Hayatı bir tiyatroya benzetecek olsak; hepimiz oyuncularıyız. Kimimiz gerçekçi oynuyoruz oyunlarımızı, kimimiz acemi...Sen gönlünden bakarsan yaşama, mutluluklar da gözü gibi bakar sana…İçindeki sen ile uyumu yakalaman gerektiğini belki de unutmamalısın … 

İçindeki senle uyumu yakalayabilirsen, huzurun sana akması adına dayanak noktaların sağlam kurgularla bezenir..
Huzurun aslı, insanın yüreğidir... Unutma; sevgi, yaşam kalitendir. 
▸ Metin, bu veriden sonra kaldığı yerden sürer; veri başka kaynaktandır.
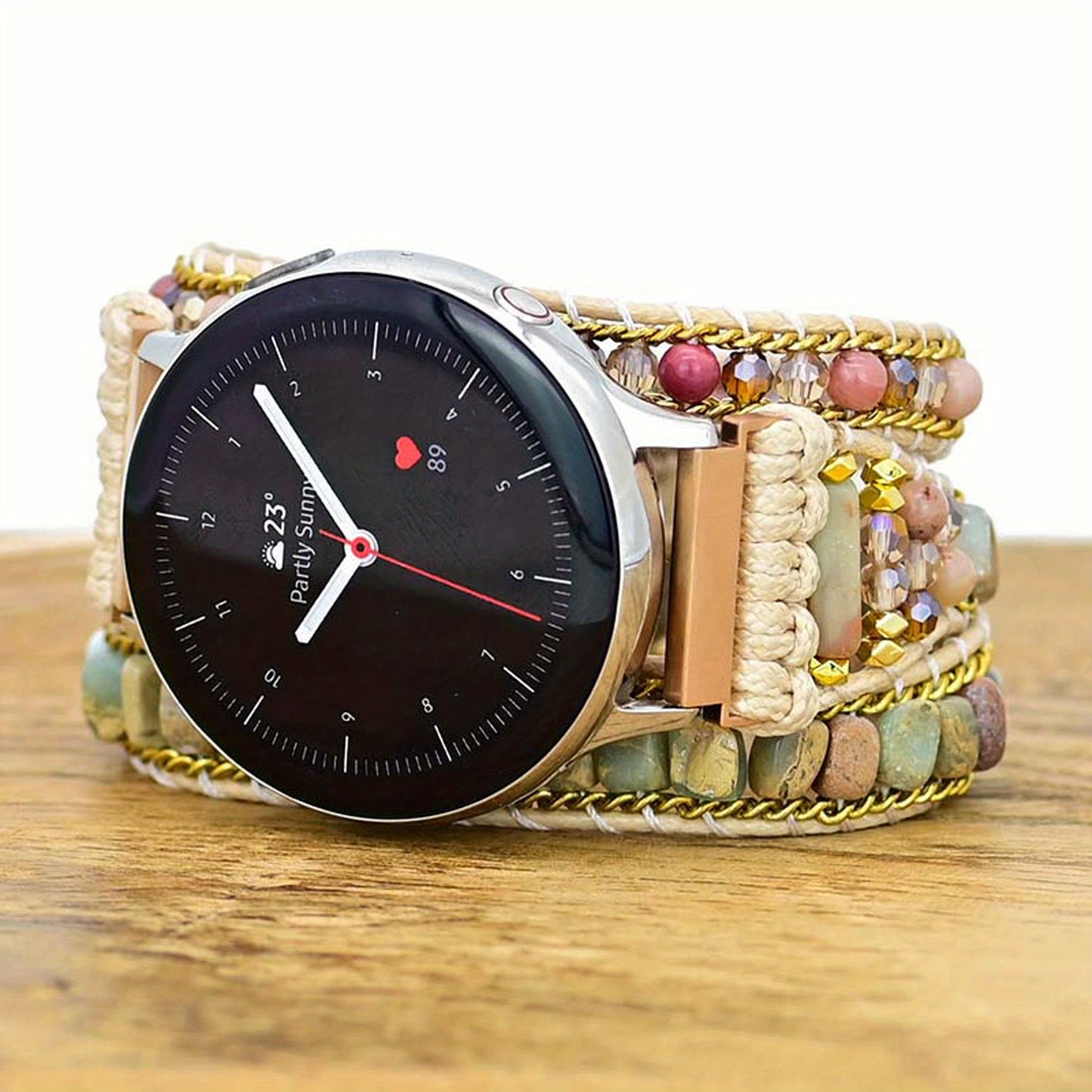 3-layer Red Pattern For Samsung Watch Strap Bohemian Hand-wound Woven Watch Strap Suitable For 20mm Connector Porous Adjustable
Hayatımızda öyle farklı anlar vardır ki çoğu zaman…Sanki hayatımızın sonuna gelmiş gibi hissettiğimiz anlar kucaklar bizi adeta. Son iki dakikada uçağı kaçırmak gibi veya saniyelerle yarışan yarışmacının, son saniyelerde yarışmayı kaybettiği gibi. Anların, koskoca ömrümüze dahil olan bölümü hayatın. Aslında kendimizi, yaşamımızı, hedeflerimizi yönetme gücü burada devreye giriyor. Bu noktada başlayan her şey, baş ucu detayları oluyor yaşamımızın.  Peki yaşamımızın baş ucu detayları ve önemsemediğimiz detayları arasında kaldığımızda yolumuza yön verip ışık tutan güç nedir?  Elbette ki 'Sevgi' Sentetik hiçbir duygu, ruhu tatmin etmez. Dolayısıyla sevgiler de öyle. Sen gönlünü, ruhuna işleyen her güzellikle taçlandırmazsan, yarı yolda kalır sol yanın. Kendini yönetebilirsin, hayatına yön verebilirsin, ama olayın ucu sevgiye dokunduğunda, sen savunmasız kalabilirsin. Kalırsın….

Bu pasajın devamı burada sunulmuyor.